Activity: Taking the data below, please print only the lines from the line holding "PEGAZUS GFK-Boot 550" to the line holding "Italienischer Nudelsalat mit", inclusive, with pictures omitted.

Data excerpts:
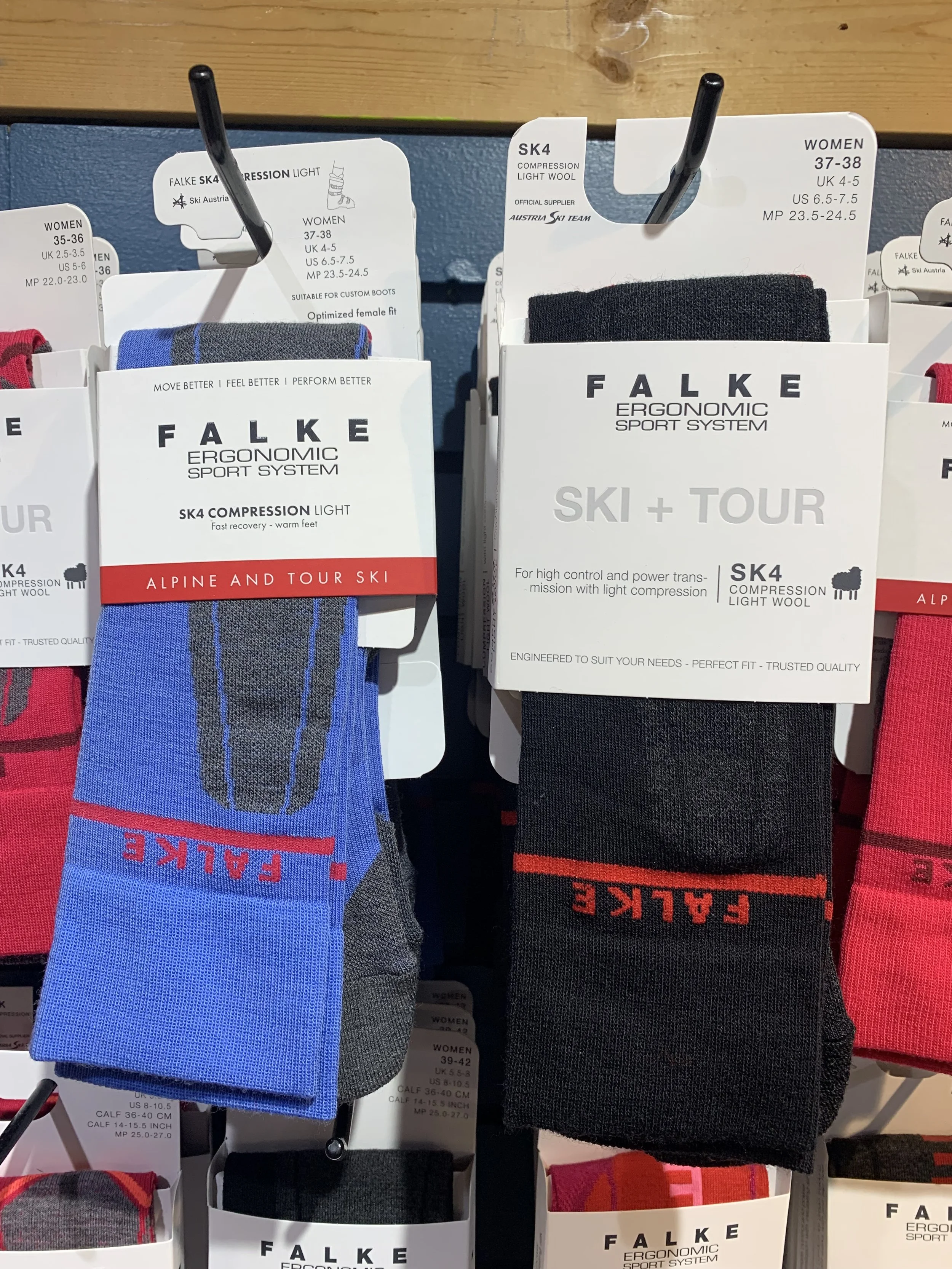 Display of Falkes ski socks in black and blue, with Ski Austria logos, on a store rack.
...
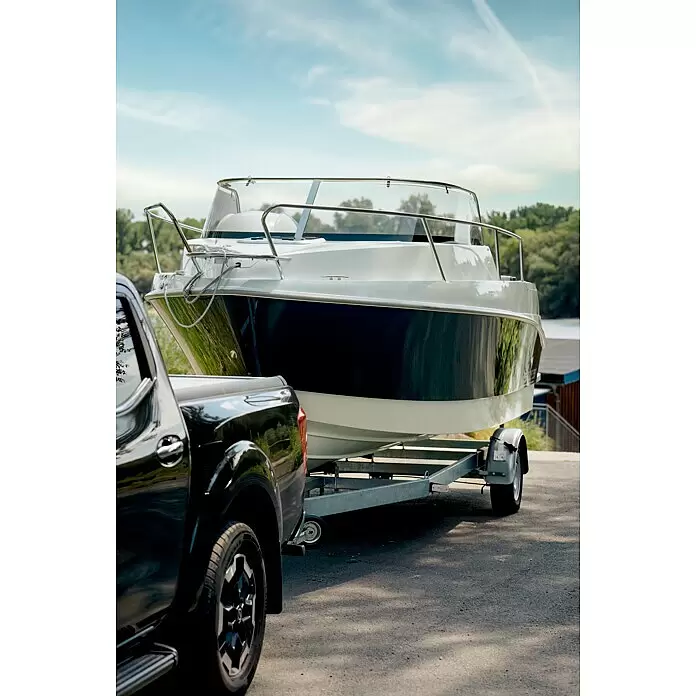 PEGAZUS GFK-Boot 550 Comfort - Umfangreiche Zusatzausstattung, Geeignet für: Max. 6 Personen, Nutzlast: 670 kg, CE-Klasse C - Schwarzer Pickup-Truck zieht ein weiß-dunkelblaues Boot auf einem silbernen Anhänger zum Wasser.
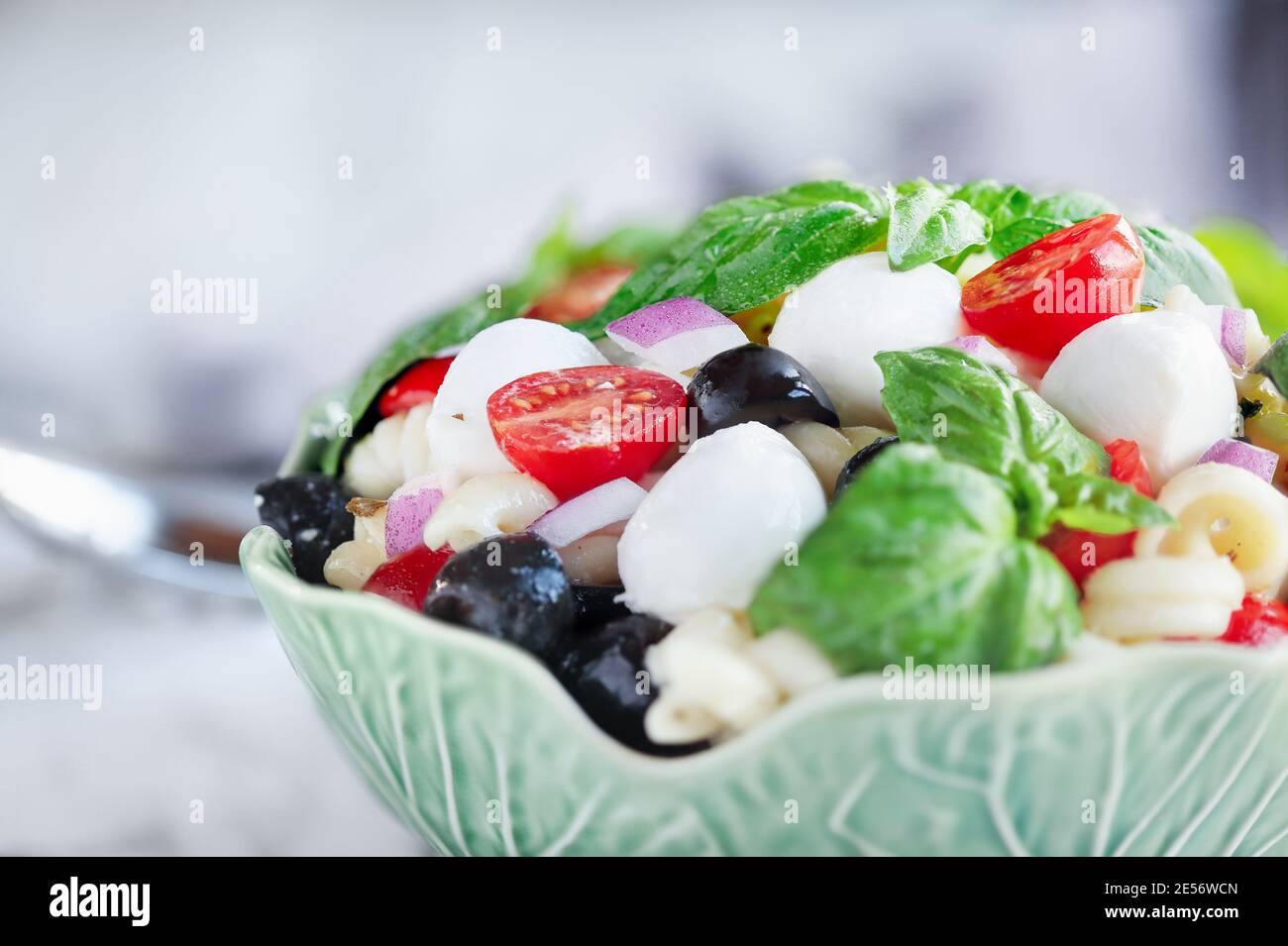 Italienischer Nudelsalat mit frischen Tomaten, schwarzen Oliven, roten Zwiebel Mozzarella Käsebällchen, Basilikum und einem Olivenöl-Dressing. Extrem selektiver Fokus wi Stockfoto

Exercise solution:
 PEGAZUS GFK-Boot 550 Comfort - Umfangreiche Zusatzausstattung, Geeignet für: Max. 6 Personen, Nutzlast: 670 kg, CE-Klasse C - Schwarzer Pickup-Truck zieht ein weiß-dunkelblaues Boot auf einem silbernen Anhänger zum Wasser.
 Italienischer Nudelsalat mit frischen Tomaten, schwarzen Oliven, roten Zwiebel Mozzarella Käsebällchen, Basilikum und einem Olivenöl-Dressing. Extrem selektiver Fokus wi Stockfoto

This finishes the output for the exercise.